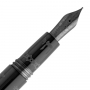 Перьевая ручка Montegrappa Fortuna Credo Shema Yisrael Ruthenium PVD Fountain pen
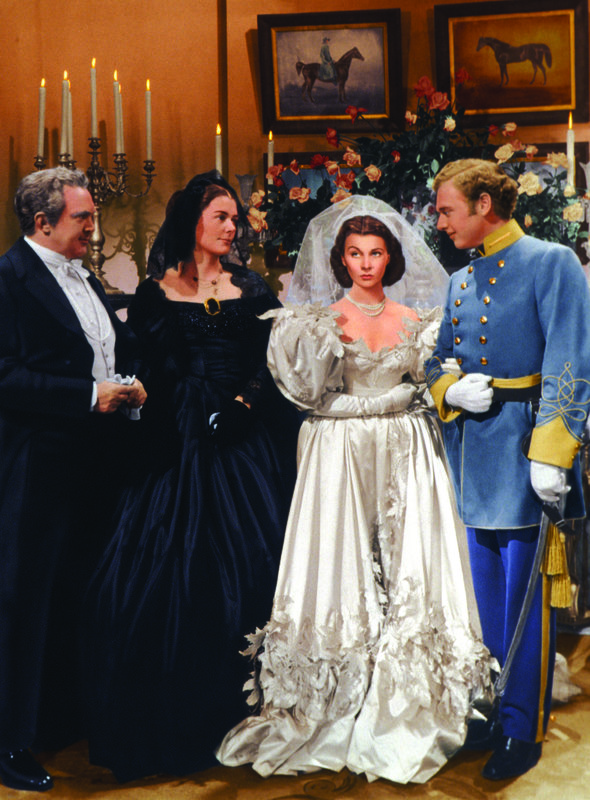 Vom Winde verweht – Bild: Metro-Goldwyn-Mayer (MGM) Lizenzbild frei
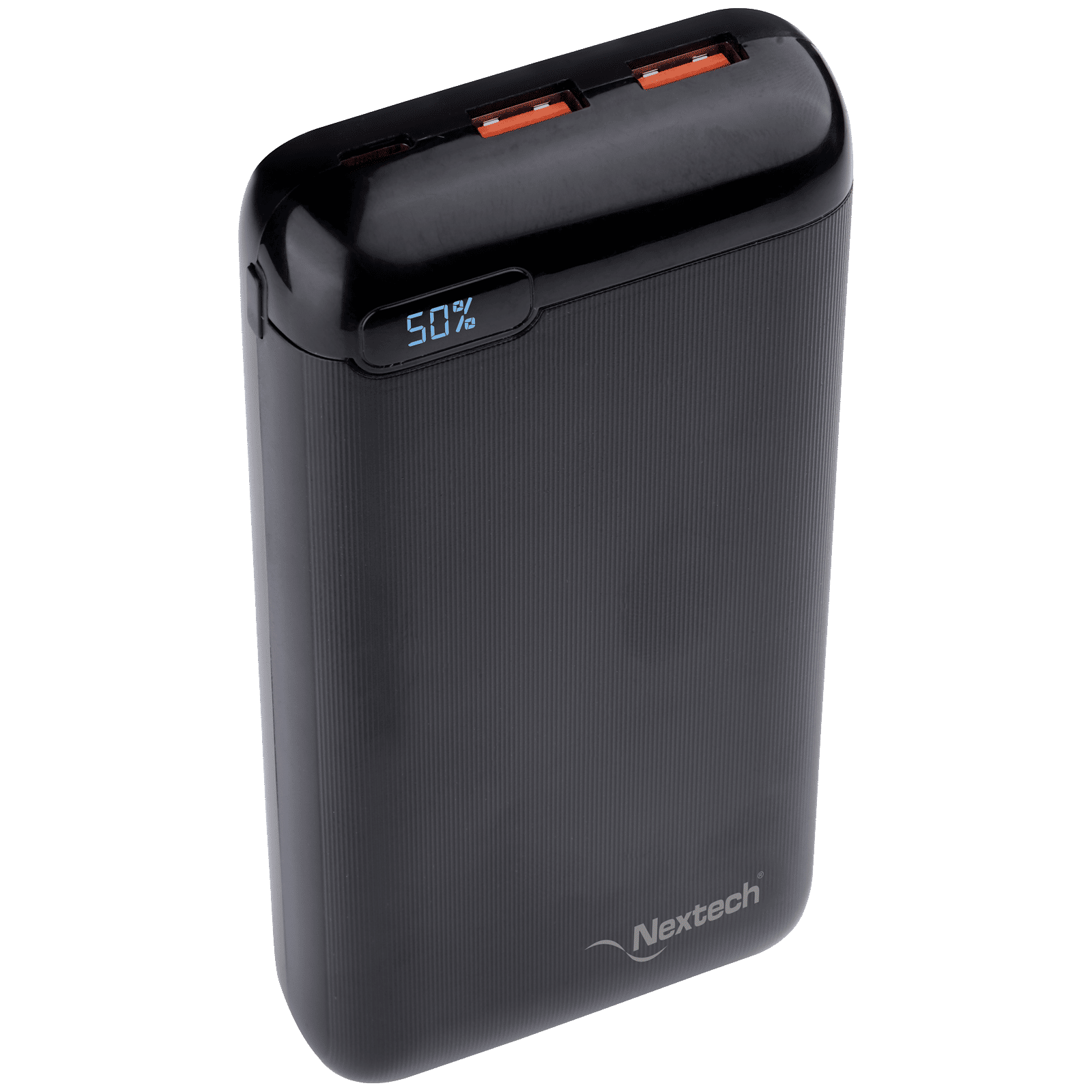 Nextech Astro 20000 mAh Power Bank (1 PD & 2 QC USB Ports, IC Controlled Circuit, Black) Nextech Astro 20000 mAh Power Bank (1 PD & 2 QC USB Ports, IC Controlled Circuit, Black)_4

● ● ●

WHAT YOU WILL DO: Word for word, repeat the data above with the pictures left out.

SOLUTION:
 Перьевая ручка Montegrappa Fortuna Credo Shema Yisrael Ruthenium PVD Fountain pen
 Vom Winde verweht – Bild: Metro-Goldwyn-Mayer (MGM) Lizenzbild frei
 Nextech Astro 20000 mAh Power Bank (1 PD & 2 QC USB Ports, IC Controlled Circuit, Black) Nextech Astro 20000 mAh Power Bank (1 PD & 2 QC USB Ports, IC Controlled Circuit, Black)_4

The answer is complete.